> _Provided material_:
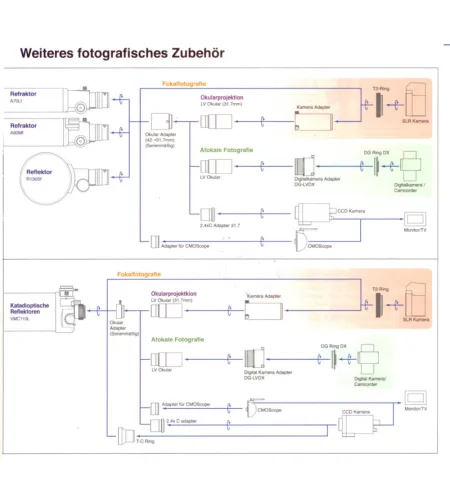 Vixen A70Lf achromatinis refraktorius - optinis vamzdis OTA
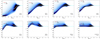Thumbnail: Fig. 3 Refer to the following caption and surrounding text.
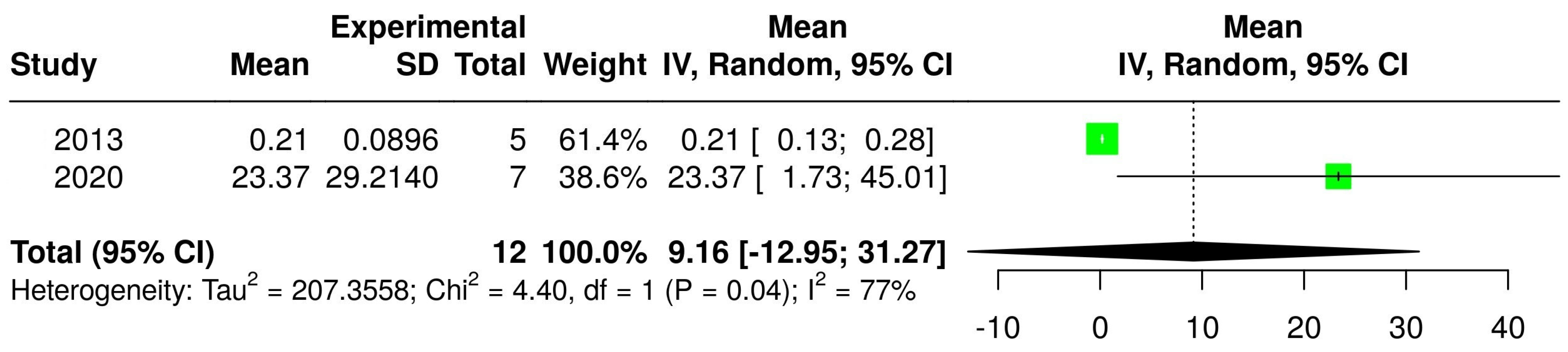 Applsci 15 07755 g008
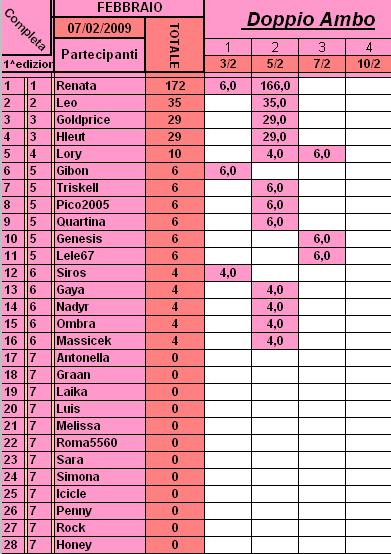 Classifica di Febbraio Cla210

> _What to do_: Transcribe the material exactly, leaving every picture out.

> _Answer below_:
 Vixen A70Lf achromatinis refraktorius - optinis vamzdis OTA
Thumbnail: Fig. 3 Refer to the following caption and surrounding text.
 Applsci 15 07755 g008
 Classifica di Febbraio Cla210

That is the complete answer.